Pipeline is an immutable wrapper:

  • __or__ creates a new Pipeline with the stage appended.
  • __iter__ decides execution strategy:
  • Layer B (fusion): if all stages are Fusable, runs a single tight loop
  • Layer C (prefetch): producer thread + consumer thread with bounded queue
  • Layer D (parallel): ProcessPoolExecutor with batch dispatch

Fusion (Layer B)

A contiguous run of fusable stages (implementing apply + __call__) is fused into a single inner loop. This avoids Python generator overhead:

for row in source:
    for stage in fused_stages:
        row = stage.apply(row)
        if row is None:
            break
    if row is not None:
        yield row

Prefetch (Layer C)

A background thread reads the source and pushes rows into a bounded queue.

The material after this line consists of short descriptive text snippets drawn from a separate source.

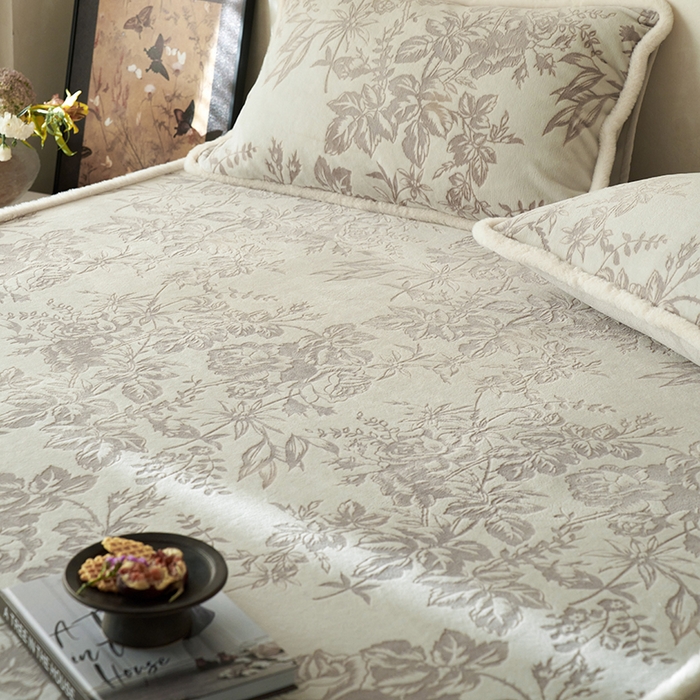 91家纺网 家纺一手货源 找家纺 宜代光年 2025新款A类小米貂复古牛奶绒染色雕花单床笠 静若繁花-灰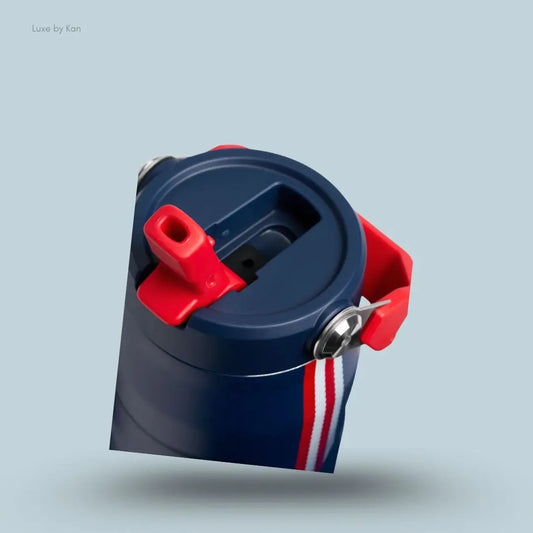 Stanley IceFlow Bottle Flip Straw 2.0 0.71L Flip Straw 2.0 leakproof lid close-up detail India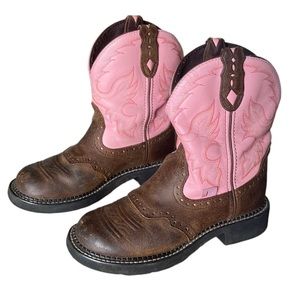 Justin Gypsy | Womens pink round toe shorty boots size 6.5B narrow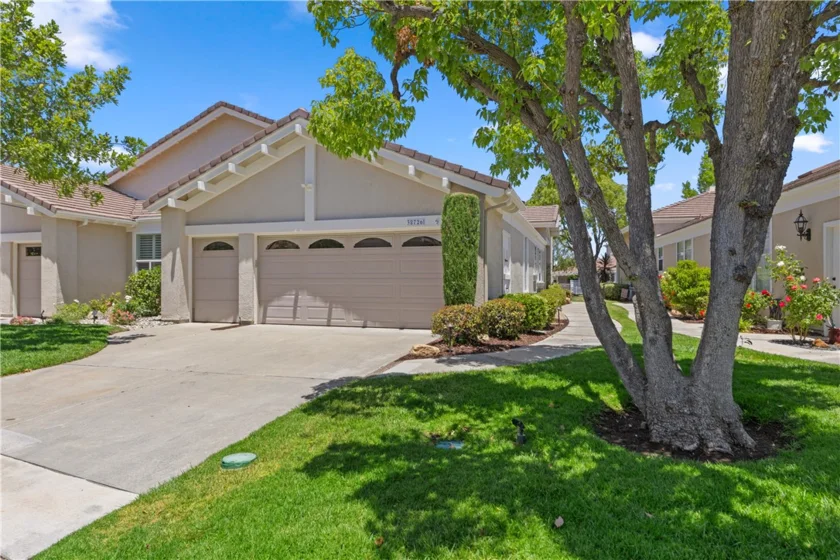 38726 Bears Paw Drive photo 1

The main thread reads from the queue and runs stages. This overlaps I/O with transformation work.

Parallel (Layer D)

A reader thread produces batches. Each batch is sent to a worker process via ProcessPoolExecutor. Workers run the fused pipeline. Results are collected in order via concurrent.futures.

Error handling

  • Parse errors: raised immediately during iteration
  • Type errors: controlled by CastTypes(errors=...)
  • Picklability validation: raised at parallel() call time